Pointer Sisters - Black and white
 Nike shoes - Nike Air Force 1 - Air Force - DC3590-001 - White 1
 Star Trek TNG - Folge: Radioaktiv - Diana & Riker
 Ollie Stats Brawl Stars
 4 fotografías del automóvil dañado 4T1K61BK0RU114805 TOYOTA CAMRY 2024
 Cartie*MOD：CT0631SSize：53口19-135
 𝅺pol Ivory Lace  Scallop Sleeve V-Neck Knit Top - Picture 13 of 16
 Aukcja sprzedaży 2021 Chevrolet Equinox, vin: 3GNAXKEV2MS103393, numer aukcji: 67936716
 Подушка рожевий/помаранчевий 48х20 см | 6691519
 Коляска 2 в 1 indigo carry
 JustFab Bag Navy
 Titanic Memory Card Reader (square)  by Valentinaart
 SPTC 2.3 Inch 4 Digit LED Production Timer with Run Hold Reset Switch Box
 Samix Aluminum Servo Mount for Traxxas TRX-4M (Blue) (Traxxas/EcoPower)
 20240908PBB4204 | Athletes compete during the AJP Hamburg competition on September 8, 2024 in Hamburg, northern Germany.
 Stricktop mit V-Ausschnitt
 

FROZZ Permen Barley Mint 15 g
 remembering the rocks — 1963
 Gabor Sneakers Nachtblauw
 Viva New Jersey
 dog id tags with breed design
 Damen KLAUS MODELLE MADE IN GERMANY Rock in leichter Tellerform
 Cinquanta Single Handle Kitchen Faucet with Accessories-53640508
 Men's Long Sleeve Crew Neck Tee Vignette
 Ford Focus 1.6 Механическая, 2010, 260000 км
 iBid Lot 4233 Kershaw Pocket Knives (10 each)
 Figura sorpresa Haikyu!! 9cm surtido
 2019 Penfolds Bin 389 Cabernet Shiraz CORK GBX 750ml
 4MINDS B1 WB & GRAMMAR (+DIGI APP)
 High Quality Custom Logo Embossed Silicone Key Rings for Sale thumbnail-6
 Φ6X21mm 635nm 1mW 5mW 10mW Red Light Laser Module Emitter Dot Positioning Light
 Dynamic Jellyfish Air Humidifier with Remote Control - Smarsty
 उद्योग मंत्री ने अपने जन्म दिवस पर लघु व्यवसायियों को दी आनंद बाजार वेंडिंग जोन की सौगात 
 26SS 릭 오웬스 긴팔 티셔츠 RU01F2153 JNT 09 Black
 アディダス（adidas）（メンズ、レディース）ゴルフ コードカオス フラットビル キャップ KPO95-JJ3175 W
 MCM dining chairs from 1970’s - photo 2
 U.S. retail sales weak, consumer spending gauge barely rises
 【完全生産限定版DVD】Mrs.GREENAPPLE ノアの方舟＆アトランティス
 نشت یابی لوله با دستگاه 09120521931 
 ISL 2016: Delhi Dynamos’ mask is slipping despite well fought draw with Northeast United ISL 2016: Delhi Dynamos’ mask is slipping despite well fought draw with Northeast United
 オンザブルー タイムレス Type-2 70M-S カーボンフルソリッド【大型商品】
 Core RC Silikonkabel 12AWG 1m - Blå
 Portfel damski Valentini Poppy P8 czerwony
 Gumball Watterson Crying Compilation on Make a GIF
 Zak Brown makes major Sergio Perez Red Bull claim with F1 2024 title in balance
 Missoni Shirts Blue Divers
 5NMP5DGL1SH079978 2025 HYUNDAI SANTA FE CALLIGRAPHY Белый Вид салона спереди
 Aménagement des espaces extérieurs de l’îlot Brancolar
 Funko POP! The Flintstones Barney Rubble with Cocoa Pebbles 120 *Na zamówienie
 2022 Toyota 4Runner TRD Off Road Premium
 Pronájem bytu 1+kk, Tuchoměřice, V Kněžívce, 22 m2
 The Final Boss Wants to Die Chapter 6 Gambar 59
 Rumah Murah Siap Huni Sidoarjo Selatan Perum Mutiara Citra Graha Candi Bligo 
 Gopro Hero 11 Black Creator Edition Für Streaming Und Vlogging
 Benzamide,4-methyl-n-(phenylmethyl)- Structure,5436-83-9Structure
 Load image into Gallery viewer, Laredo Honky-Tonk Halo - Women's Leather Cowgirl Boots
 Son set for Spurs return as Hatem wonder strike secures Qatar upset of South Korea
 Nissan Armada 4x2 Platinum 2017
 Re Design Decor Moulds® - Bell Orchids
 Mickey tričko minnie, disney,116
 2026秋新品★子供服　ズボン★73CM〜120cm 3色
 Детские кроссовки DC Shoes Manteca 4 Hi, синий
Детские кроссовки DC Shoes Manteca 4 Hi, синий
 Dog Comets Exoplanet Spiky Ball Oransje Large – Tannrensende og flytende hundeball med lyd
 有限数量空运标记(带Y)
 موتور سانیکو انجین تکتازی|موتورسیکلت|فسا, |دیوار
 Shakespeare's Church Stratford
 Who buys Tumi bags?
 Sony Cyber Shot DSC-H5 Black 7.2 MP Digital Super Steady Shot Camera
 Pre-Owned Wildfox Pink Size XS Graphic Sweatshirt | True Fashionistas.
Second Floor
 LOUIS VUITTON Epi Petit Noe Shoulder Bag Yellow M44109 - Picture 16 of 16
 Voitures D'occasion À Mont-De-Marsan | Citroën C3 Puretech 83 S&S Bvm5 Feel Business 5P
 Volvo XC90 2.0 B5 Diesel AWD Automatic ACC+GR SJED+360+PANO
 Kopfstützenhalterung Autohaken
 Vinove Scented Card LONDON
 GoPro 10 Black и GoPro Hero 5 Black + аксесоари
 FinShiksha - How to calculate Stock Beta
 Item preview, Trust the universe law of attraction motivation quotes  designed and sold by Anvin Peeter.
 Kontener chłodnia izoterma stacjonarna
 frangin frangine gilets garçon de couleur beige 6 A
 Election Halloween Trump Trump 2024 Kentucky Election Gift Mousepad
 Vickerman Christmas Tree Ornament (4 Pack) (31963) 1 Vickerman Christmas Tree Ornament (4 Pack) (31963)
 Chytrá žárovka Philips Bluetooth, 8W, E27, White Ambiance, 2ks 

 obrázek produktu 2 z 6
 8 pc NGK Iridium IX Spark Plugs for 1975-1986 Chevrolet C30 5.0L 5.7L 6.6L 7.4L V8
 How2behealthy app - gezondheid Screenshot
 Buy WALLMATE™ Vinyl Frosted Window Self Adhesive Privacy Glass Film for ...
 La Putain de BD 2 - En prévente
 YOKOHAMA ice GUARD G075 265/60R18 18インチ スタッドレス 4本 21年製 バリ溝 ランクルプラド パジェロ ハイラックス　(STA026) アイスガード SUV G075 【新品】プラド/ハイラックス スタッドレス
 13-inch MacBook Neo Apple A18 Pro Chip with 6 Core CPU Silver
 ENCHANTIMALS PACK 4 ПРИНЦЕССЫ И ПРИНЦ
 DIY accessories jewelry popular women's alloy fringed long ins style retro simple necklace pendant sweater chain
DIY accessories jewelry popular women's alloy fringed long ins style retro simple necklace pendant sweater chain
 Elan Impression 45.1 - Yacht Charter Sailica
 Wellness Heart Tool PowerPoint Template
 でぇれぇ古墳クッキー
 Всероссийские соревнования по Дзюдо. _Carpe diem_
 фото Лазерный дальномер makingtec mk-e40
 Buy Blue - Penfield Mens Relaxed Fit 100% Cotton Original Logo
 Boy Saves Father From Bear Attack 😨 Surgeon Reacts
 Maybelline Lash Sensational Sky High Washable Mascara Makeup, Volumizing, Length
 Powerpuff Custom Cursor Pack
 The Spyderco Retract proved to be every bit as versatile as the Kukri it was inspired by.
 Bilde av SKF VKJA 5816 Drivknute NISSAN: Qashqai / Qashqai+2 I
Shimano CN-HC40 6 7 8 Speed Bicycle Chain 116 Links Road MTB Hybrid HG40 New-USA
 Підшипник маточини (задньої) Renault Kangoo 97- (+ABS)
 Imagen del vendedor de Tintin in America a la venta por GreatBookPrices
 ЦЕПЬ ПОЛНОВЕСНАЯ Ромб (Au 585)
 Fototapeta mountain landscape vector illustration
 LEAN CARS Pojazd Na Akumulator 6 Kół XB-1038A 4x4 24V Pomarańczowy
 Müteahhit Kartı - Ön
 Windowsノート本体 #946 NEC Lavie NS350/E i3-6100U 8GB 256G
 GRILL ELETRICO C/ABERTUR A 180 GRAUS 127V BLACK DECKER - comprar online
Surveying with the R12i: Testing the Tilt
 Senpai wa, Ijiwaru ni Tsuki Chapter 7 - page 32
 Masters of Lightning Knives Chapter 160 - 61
☆ ☆ ☆
__ACTIVITY__
Wherever the word "fringed" turns up in the material, copy the whole line.

__YOUR SOLUTION__
 DIY accessories jewelry popular women's alloy fringed long ins style retro simple necklace pendant sweater chain
DIY accessories jewelry popular women's alloy fringed long ins style retro simple necklace pendant sweater chain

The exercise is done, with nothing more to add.